Re: [PATCH] bugfix for int2vectorin

Lists: pgsql-hackers
From: Caleb Welton <cwelton(at)greenplum(dot)com>
To: "pgsql-hackers(at)postgresql(dot)org" <pgsql-hackers(at)postgresql(dot)org>
Subject: [PATCH] bugfix for int2vectorin
Date: 2009-12-02 02:36:05
Message-ID: C73B1297.3D2D%cwelton@greenplum.com
Views: Raw Message | Whole Thread | Download mbox | Resend email
Lists: pgsql-hackers

I believe the int2vectorin function should handle invalid input more cleanly.

Current behavior:

-- Correct input format:
SELECT '1 2 3'::int2vector;
int2vector
------------
1 2 3
(1 row)

-- Three variations on incorrect input format
SELECT '1not 2really_an 3int2vector'::int2vector;
int2vector
------------
1 2 3
(1 row)

SELECT '1,2,3'::int2vector;
int2vector
------------
1
(1 row)

SELECT '1, 2,3'::int2vector;
int2vector
------------
1 2
(1 row)

-- What other types do:
SELECT '1,2'::oid;
ERROR: invalid input syntax for type oid: "1,2"

Behavior after attached patch:

-- Correct input format:
SELECT '1 2 3'::int2vector;
int2vector
------------
1 2 3
(1 row)

-- Three variations on incorrect input format
SELECT '1not 2really_an 3int2vector'::int2vector;
ERROR: invalid input for int2vector: "1not 2really_an 3int2vector"

SELECT '1,2,3'::int2vector;
ERROR: invalid input for int2vector: "1,2,3"

SELECT '1, 2,3'::int2vector;
ERROR: invalid input for int2vector: "1, 2,3"

-- What other types do:
SELECT '1,2'::oid;
ERROR: invalid input syntax for type oid: "1,2"

Regards,
Caleb

Attachment Content-Type Size
int2vector.patch application/octet-stream 1.7 KB

From: Tom Lane <tgl(at)sss(dot)pgh(dot)pa(dot)us>
To: Caleb Welton <cwelton(at)greenplum(dot)com>
Cc: "pgsql-hackers(at)postgresql(dot)org" <pgsql-hackers(at)postgresql(dot)org>
Subject: Re: [PATCH] bugfix for int2vectorin
Date: 2009-12-02 03:38:17
Message-ID: 617.1259725097@sss.pgh.pa.us
Views: Raw Message | Whole Thread | Download mbox | Resend email
Lists: pgsql-hackers

Caleb Welton <cwelton(at)greenplum(dot)com> writes:
> I believe the int2vectorin function should handle invalid input more cleanly.

Why bother? Under what circumstances would users (or anyone at all)
be putting data into an int2vector?
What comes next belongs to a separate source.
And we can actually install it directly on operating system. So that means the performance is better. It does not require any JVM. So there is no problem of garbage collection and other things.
It's an internal type and is
certainly not meant for use in user tables.

regards, tom lane


From: Caleb Welton <cwelton(at)greenplum(dot)com>
To: Tom Lane <tgl(at)sss(dot)pgh(dot)pa(dot)us>
Cc: "pgsql-hackers(at)postgresql(dot)org" <pgsql-hackers(at)postgresql(dot)org>
Subject: Re: [PATCH] bugfix for int2vectorin
Date: 2009-12-02 03:52:29
Message-ID: C73B247D.3D32%cwelton@greenplum.com
Views: Raw Message | Whole Thread | Download mbox | Resend email
Lists: pgsql-hackers

Tom,
Thanks for the comments.

Caleb Welton <cwelton(at)greenplum(dot)com> writes:
> I believe the int2vectorin function should handle invalid input more cleanly.
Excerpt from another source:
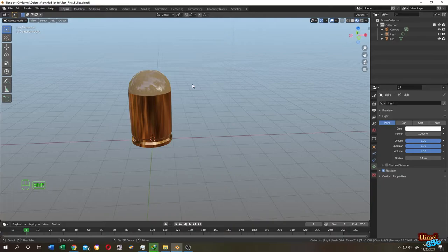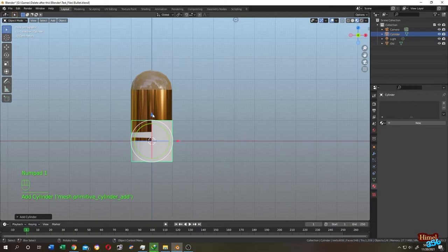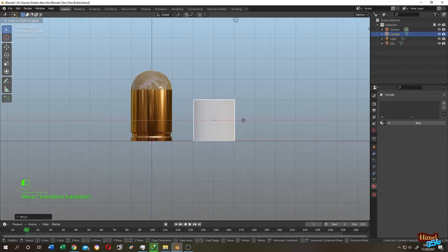Shift A, mesh, then our cylinder. Just take the default cylinder. Let's put it here.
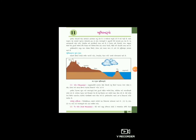તો વિદ્યાર્થી મિત્રો, આપણા પાઠ અગ્યારમાં ભૂમી સ્વરૂપો, ભૂમી સ્વરૂપોના મુખ્ય પ્રકારો, ત્યારબાદ પ્રકારોમાં પ્રથમ પર્વત, ત્યારબાદ પર્વતોનું વર્ગીકરણ અને પર્વતોનો મહત્વ - આ બધાનો અભ્યાસ કર્યો. ત્યારબાદ ફરી એકવાર પાઠ્ય પુસ્તકમાંથી આખો પાઠ વાંચવાનો રહેશે અને જે પ્રમાણે સમજ્યા તે મુજબ સ્વાધ્યાય પોથીમાં દરેક પ્રશ્નના જવાબ લખવાના રહેશે. અસ્તુ.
On 12/1/09 7:38 PM, "Tom Lane" <tgl(at)sss(dot)pgh(dot)pa(dot)us> wrote:
>> Why bother?

Because correctness is good. Results that produce unexpected results from incorrect input formatting lead to incorrect data being loaded, which is bad.

>> Under what circumstances would users (or anyone at all) be putting data into an int2vector?

I agree in principle, but users do the darnedest things. Perhaps they simply want a compact int array that won't toast. Perhaps they liked that word "vector" in the name. I stopped trying to second guess them a long time ago.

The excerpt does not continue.